A letter-for-letter copy of the listing is required, with no pictures in it.

Collected data
------------------------------------------------------------
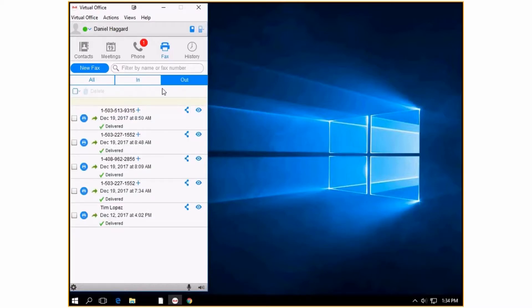Or if you have a lot and you want to search by name or fax number, you would do it in the search button.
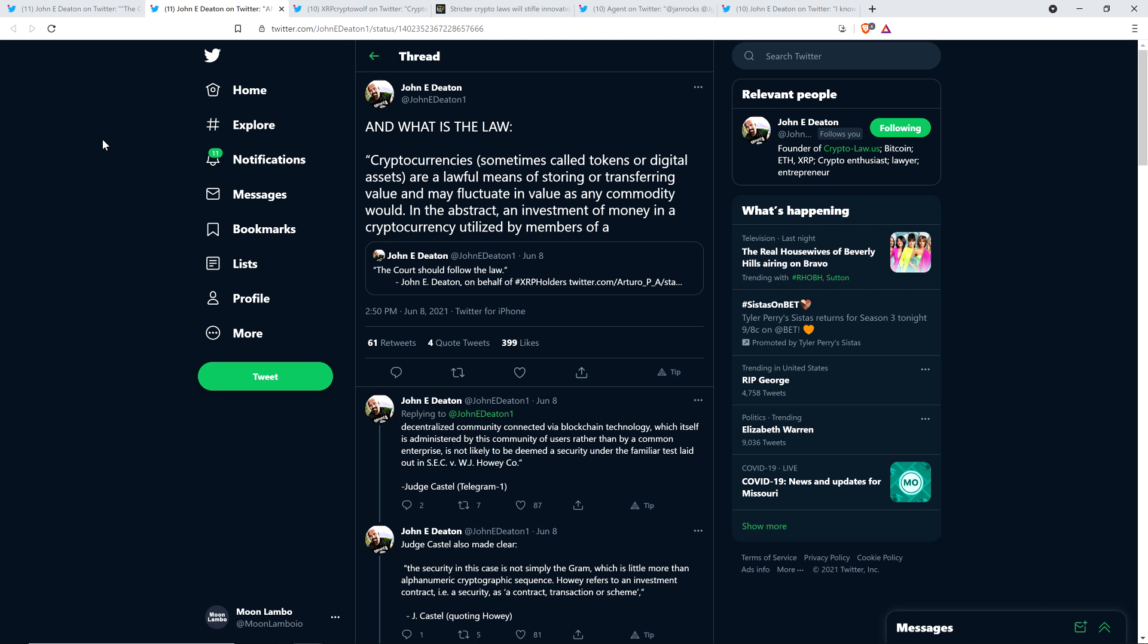Here's the quote from Judge Castell: 'Cryptocurrencies, sometimes called tokens or digital assets, are a lawful means of storing or transferring value. In the abstract, an investment of money in a cryptocurrency utilized by members of a decentralized community connected via blockchain technology, administered by this community rather than a common enterprise, is not likely to be deemed a security under the Howey test.' Right there, what he's saying is a sufficiently decentralized cryptocurrency with no central operator is very unlikely to be deemed a security. That's crucial.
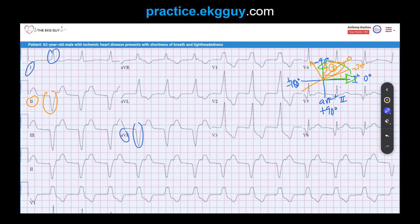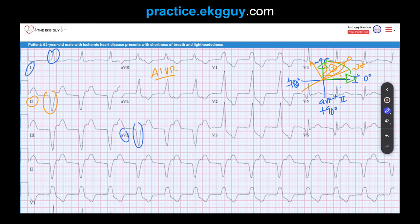The answer was accelerated idioventricular rhythm. The ST changes are likely a result of that, but consider it clinically if needed. AIVR occurs when an ectopic ventricular pacemaker rate is greater than the sinus node rate. It's usually due to increased ventricular pacemaker automaticity but can be triggered by ischemia or digoxin toxicity. It requires at least three wide QRS complexes, with morphology often similar to three PVCs in a row.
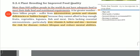Welcome back students. I am Raminder Kaur, and here I will start my fourth video lecture. The topic from chapter number nine is plant breeding for improved food quality.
------------------------------------------------------------
Result
Or if you have a lot and you want to search by name or fax number, you would do it in the search button.
Here's the quote from Judge Castell: 'Cryptocurrencies, sometimes called tokens or digital assets, are a lawful means of storing or transferring value. In the abstract, an investment of money in a cryptocurrency utilized by members of a decentralized community connected via blockchain technology, administered by this community rather than a common enterprise, is not likely to be deemed a security under the Howey test.' Right there, what he's saying is a sufficiently decentralized cryptocurrency with no central operator is very unlikely to be deemed a security. That's crucial.
The answer was accelerated idioventricular rhythm. The ST changes are likely a result of that, but consider it clinically if needed. AIVR occurs when an ectopic ventricular pacemaker rate is greater than the sinus node rate. It's usually due to increased ventricular pacemaker automaticity but can be triggered by ischemia or digoxin toxicity. It requires at least three wide QRS complexes, with morphology often similar to three PVCs in a row.
Welcome back students. I am Raminder Kaur, and here I will start my fourth video lecture. The topic from chapter number nine is plant breeding for improved food quality.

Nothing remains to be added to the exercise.